Trump's campaign declined to comment on Clinton's remarks Monday. Previously, he has said that she has no proof that ISIS is using his words and that she owes him an apology.

Clinton answered the newspaper's questions Monday as she was campaigning in New York state to hold back a challenge from Sen. Bernie Sanders of Vermont that has lasted deeper into the primary season than many had projected. New York, which Clinton represented in the Senate for eight years, holds its primary next Tuesday.

A Monmouth (N.J.) University poll released Monday shows Clinton leading Sanders by 51 percent to 39 percent among likely primary voters in New York.

Pennsylvania's primary is in two weeks, on April 26.

Clinton also revisited an issue that flared last week as the Democratic rivals campaigned in Philadelphia: Whether either is unqualified to be president.

"Sen. Sanders is finding himself being asked really tough questions, and I think he is having a very tough time answering those questions," she said Monday. "So he first said I wasn't qualified, now he's moved on to my judgment, I don't know what it's going to be tomorrow.

"But here's what I think: He's facing the tougher questioning here in New York and I assume in Pennsylvania. And he's first the first time being shown to be unable to respond to basic questions about his own core message ... about breaking up the banks, or basic questions on foreign policy, so instead he's lashing out at me. I think voters will see through that."

And she had tough words for Trump's chief Republican rival, Texas Sen. Ted Cruz, saying he had inflamed tensions and made counterterrorism more difficult by calling for profiling of U.S. Muslims and special police patrols in their neighborhoods.

"We need to present a united front, and we need to get information from every place we can," she said.

Clinton would not budge when asked why she does not disclose transcripts or recordings of paid speeches she has made to Goldman Sachs and other Wall Street firms and special interests, typically for $225,000 per speech.
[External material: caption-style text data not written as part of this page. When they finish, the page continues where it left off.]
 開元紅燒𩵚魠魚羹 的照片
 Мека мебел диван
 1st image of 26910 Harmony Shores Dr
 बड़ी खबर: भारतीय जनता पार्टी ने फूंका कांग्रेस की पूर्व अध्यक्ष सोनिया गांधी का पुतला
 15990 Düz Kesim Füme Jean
She said she should not have to disclose those talks when other presidential candidates, including Trump, are not held to the same standard of openness.

Sanders should release his tax returns, Clinton said, noting that she has eight years of returns available on her campaign website.
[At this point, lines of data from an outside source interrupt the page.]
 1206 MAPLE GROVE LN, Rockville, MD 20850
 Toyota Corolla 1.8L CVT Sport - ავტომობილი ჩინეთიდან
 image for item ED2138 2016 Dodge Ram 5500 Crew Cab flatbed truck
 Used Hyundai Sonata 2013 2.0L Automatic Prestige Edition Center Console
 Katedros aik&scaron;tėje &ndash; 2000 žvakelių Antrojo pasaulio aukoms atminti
"When people release transcripts of speeches they gave, I will release mine," she said. "But in the meantime, I want to see their tax returns."

Sanders was asked about that Sunday on NBC's Meet the Press, and promised to disclose more of his returns. He has put out a summary page from his 2014 federal tax filing, but not the entire thing.

Clinton told the journalists there is "absolutely no evidence" that she has ever made a decision or taken an official action as a result of either speech fees or campaign donations from Wall Street or any other interests. Sanders has been attacking her ties to the financial industry as part of his challenge.

Elsewhere in the wide-ranging interview, Clinton, asked how she would break Washington's partisan logjam, cast herself as both a bridge-builder ("I will go anywhere and talk to anyone to find common ground. I did it as first lady, I did it as secretary of state and senator, and I will certainly do it as president"), and as a cheerleader for her party's candidates at the national and state levels.

She added a shout-out to Pennsylvania's embattled Democratic governor:

"I'm going to be clearly working for Senate candidates and I'm going to even be working for House candidates, governor candidates, and others, because I think it's going to be important to try to take back not just the Congress, but the state legislatures - like yours, which has proved to be such a blockade against Gov. Wolf's efforts."

Clinton said she had been tested and vetted on the national stage since she was first lady.

"They've been after me for 25 years and here I am, still standing," she said. "I believe there has been a concerted effort to tear me down, to attack me, to criticize me, and there certainly has been a double standard between me and others who have run."